▸ **TASK DIRECTIONS**: Quote from the first line below through the line that contains "Iridescent candle holder", both included, and leave the pictures out.

Image-caption web data
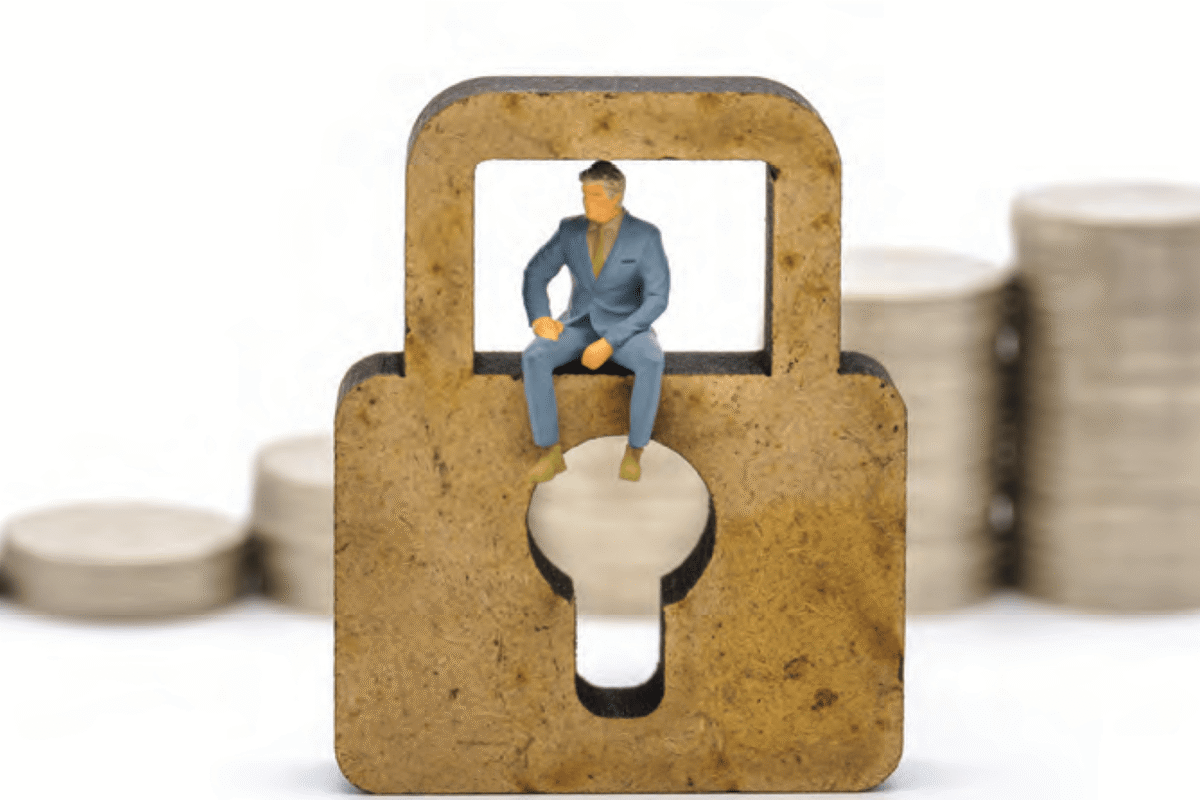 Illustration of a businessperson sitting inside the opening of a large padlock above a keyhole.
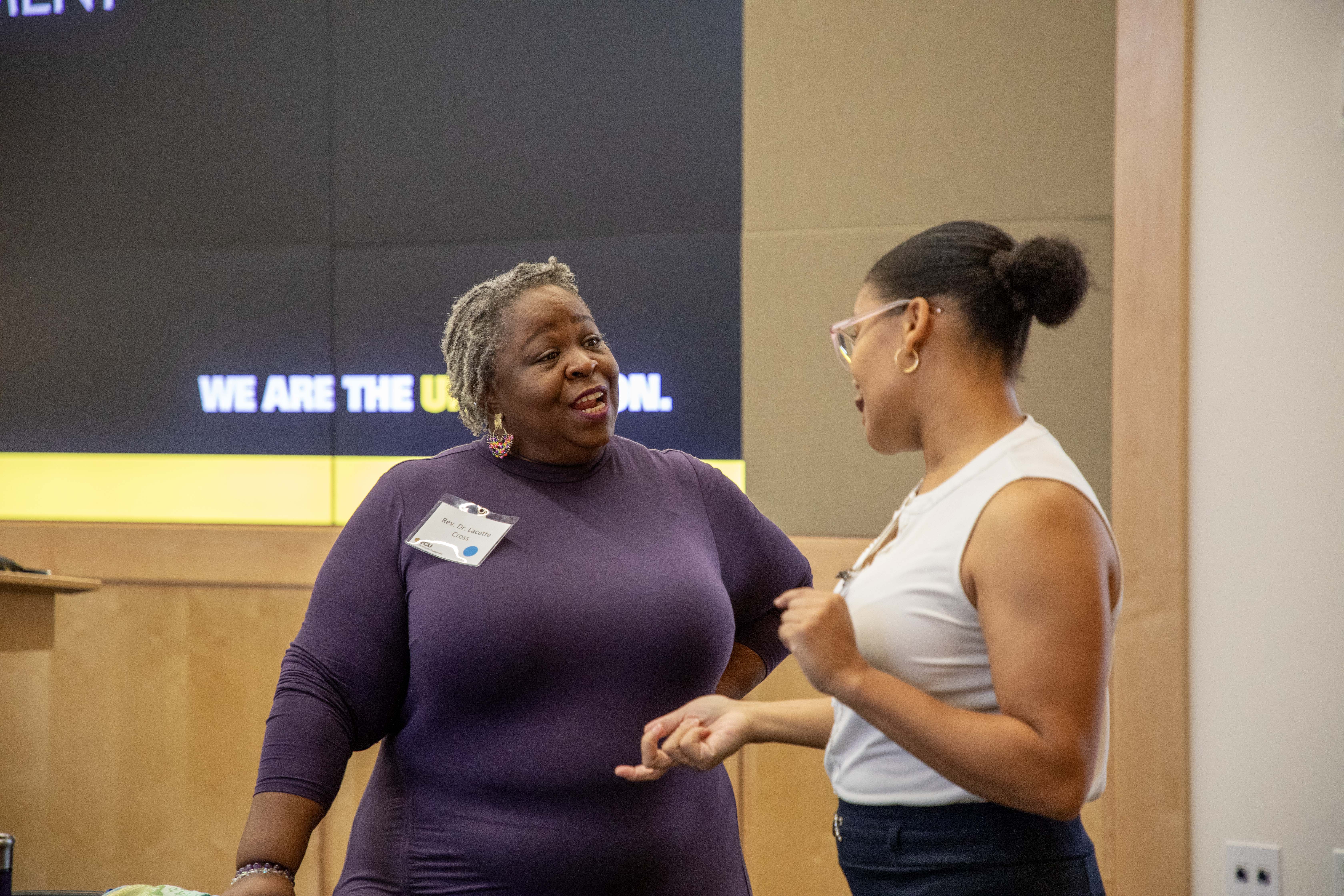 Two women speaking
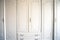 White cupboard doors with Golden key in keyhole, luxury antique design close-up wooden vintage doors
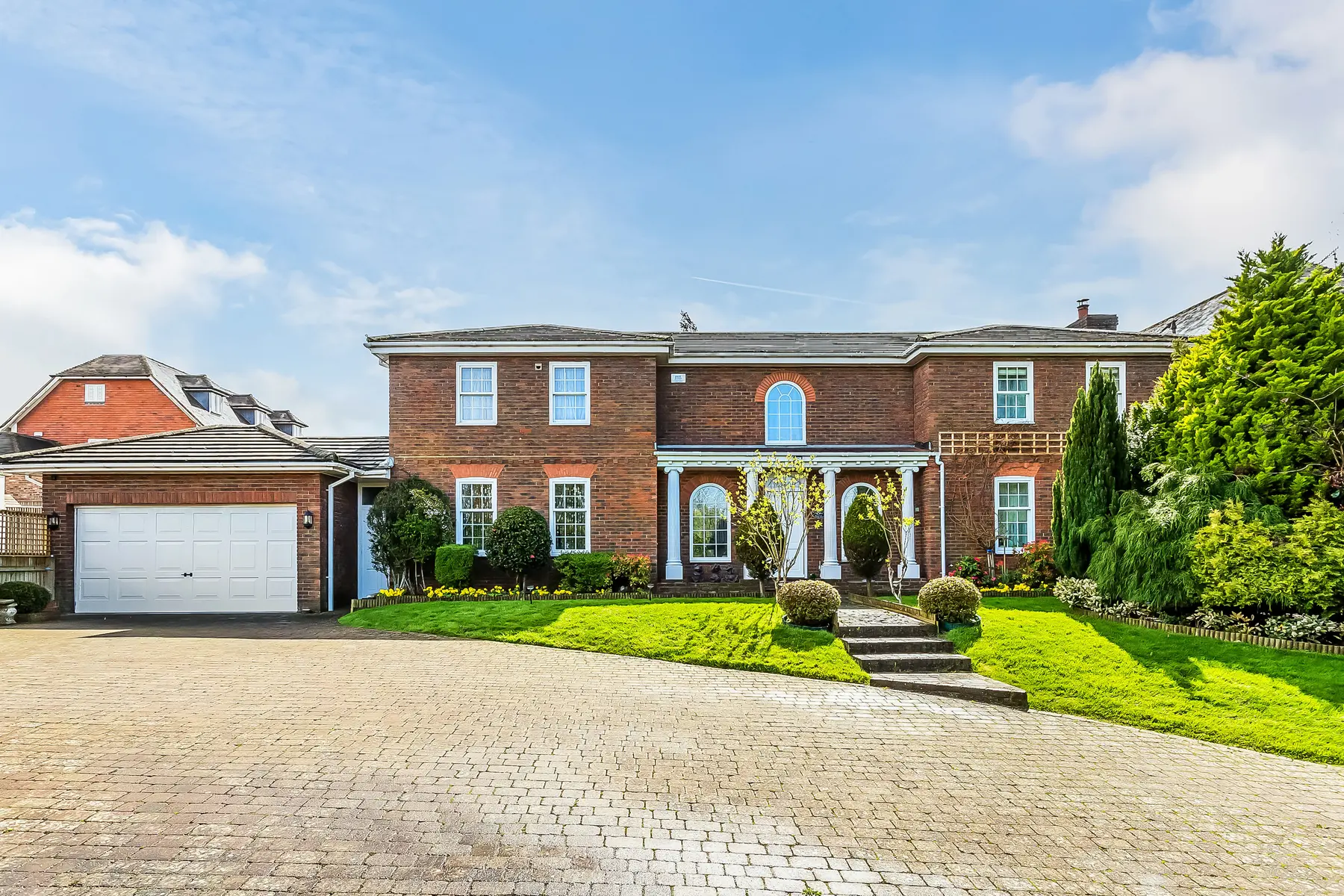 A substantial double-fronted brick home behind a sweeping block-paved drive and clipped lawns, photographed in clear daylight — a Kings Estates home
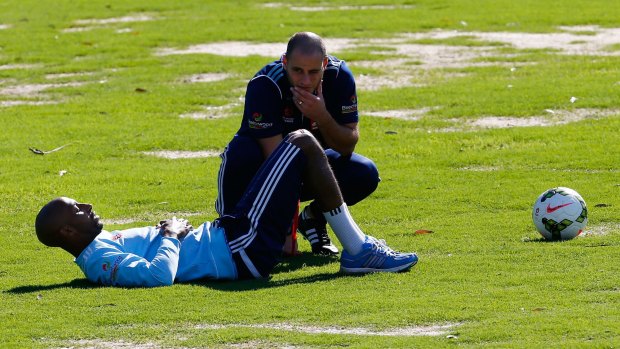 Still not 100 per cent: Sydney FC midfielder Mickael Tavares stretches at training on Thursday.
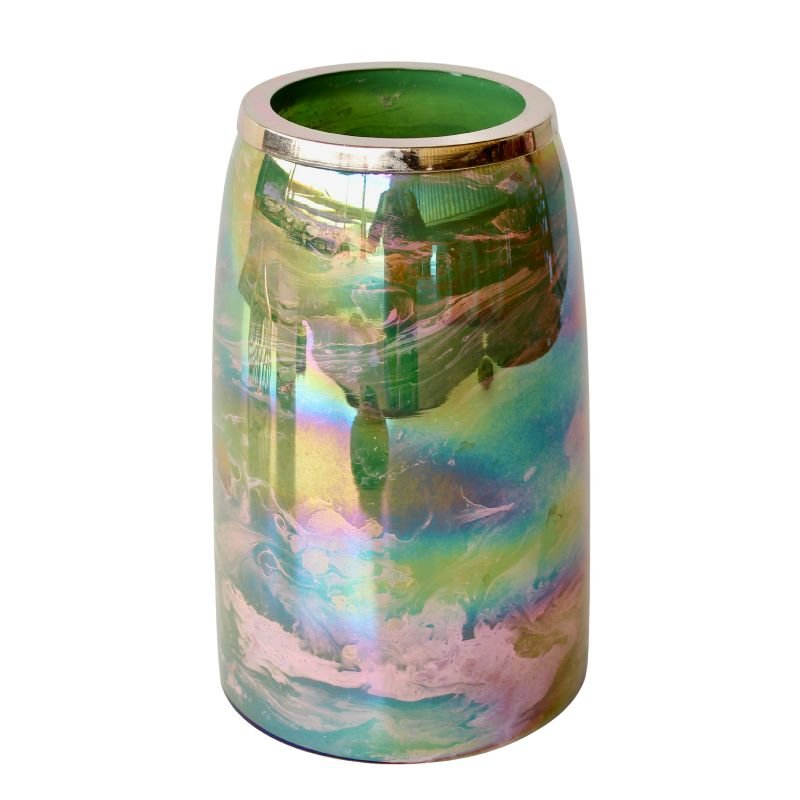 Iridescent candle holder with a green candle on a white background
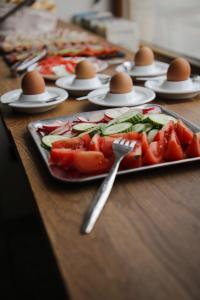 a table with plates of food on a table with eggs at Wake Up Wellness Hostel in Brno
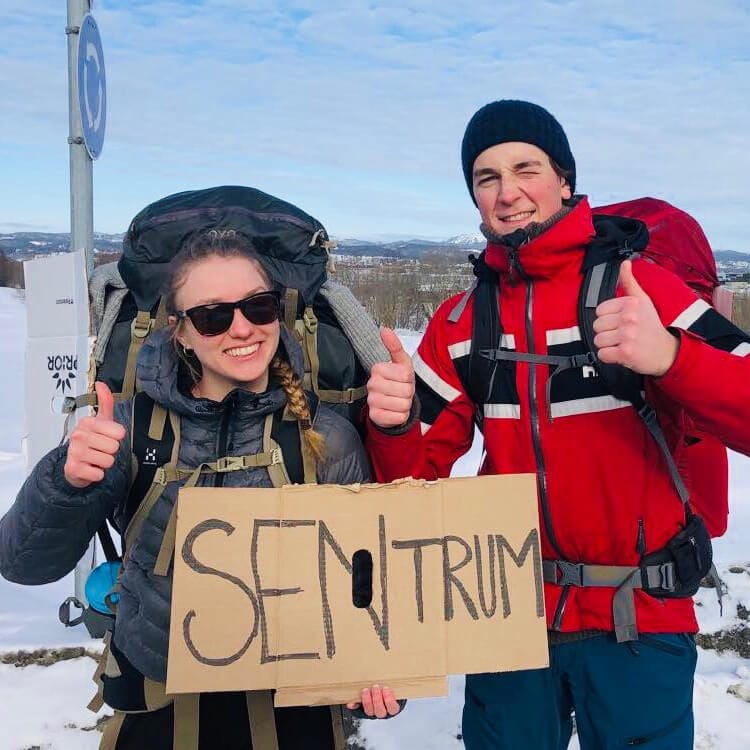 To elever med tommelen opp og et skilt der det står "sentrum"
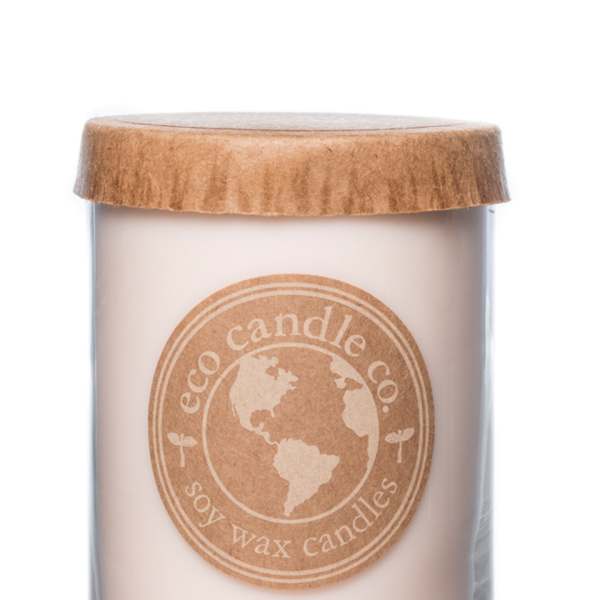 Soy wax candle in a glass jar with a wooden lid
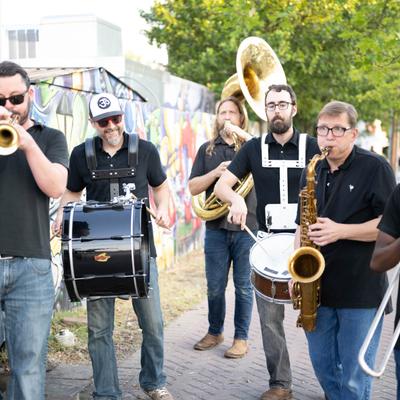 Brass band playing outside.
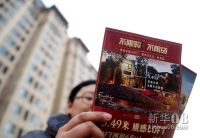 新华社照片，北京，2011年12月11日    “限购令”何去何从？——楼市“限购”一年间    12月11日，一位北京市民在阅读一处地处通州、号称“不限购”的商住两用楼盘广告。 新华社记者罗晓光摄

▸ **OUTPUT OF THE TASK**:
 Illustration of a businessperson sitting inside the opening of a large padlock above a keyhole.
 Two women speaking
 White cupboard doors with Golden key in keyhole, luxury antique design close-up wooden vintage doors
 A substantial double-fronted brick home behind a sweeping block-paved drive and clipped lawns, photographed in clear daylight — a Kings Estates home
 Still not 100 per cent: Sydney FC midfielder Mickael Tavares stretches at training on Thursday.
 Iridescent candle holder with a green candle on a white background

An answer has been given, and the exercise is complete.